▶

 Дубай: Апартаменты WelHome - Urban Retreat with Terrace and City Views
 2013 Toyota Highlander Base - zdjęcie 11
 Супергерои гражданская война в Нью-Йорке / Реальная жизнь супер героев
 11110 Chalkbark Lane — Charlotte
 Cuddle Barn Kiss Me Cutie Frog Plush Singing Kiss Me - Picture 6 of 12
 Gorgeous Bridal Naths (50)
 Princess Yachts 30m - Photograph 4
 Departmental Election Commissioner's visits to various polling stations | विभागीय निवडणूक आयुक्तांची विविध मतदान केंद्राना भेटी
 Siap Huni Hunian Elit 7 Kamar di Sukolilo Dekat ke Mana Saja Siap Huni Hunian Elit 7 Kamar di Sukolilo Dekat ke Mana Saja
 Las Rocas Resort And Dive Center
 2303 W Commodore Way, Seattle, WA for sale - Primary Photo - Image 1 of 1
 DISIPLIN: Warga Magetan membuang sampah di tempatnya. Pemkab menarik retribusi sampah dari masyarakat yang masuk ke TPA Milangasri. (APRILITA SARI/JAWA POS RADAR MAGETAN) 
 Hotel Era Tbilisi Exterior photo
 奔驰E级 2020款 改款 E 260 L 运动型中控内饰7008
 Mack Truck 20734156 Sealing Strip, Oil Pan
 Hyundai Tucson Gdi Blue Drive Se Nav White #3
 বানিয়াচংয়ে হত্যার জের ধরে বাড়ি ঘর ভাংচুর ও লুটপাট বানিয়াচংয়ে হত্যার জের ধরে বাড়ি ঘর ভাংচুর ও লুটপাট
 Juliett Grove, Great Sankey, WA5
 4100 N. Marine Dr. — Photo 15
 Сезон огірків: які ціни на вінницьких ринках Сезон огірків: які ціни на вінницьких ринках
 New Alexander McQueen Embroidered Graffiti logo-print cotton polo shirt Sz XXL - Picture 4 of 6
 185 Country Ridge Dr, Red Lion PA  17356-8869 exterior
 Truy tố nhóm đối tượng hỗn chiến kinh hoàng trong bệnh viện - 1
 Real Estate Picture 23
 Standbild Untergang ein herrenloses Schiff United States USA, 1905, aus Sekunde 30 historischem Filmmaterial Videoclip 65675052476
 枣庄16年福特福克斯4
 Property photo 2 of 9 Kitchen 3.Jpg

◀

Above is a listing; print exactly its lines from the one with "11110 Chalkbark Lane — Charlotte" through the one with "奔驰E级 2020款 改款 E 260 L 运动型中控内饰7008", and no other lines.

◆ EXPECTED ANSWER:
 11110 Chalkbark Lane — Charlotte
 Cuddle Barn Kiss Me Cutie Frog Plush Singing Kiss Me - Picture 6 of 12
 Gorgeous Bridal Naths (50)
 Princess Yachts 30m - Photograph 4
 Departmental Election Commissioner's visits to various polling stations | विभागीय निवडणूक आयुक्तांची विविध मतदान केंद्राना भेटी
 Siap Huni Hunian Elit 7 Kamar di Sukolilo Dekat ke Mana Saja Siap Huni Hunian Elit 7 Kamar di Sukolilo Dekat ke Mana Saja
 Las Rocas Resort And Dive Center
 2303 W Commodore Way, Seattle, WA for sale - Primary Photo - Image 1 of 1
 DISIPLIN: Warga Magetan membuang sampah di tempatnya. Pemkab menarik retribusi sampah dari masyarakat yang masuk ke TPA Milangasri. (APRILITA SARI/JAWA POS RADAR MAGETAN) 
 Hotel Era Tbilisi Exterior photo
 奔驰E级 2020款 改款 E 260 L 运动型中控内饰7008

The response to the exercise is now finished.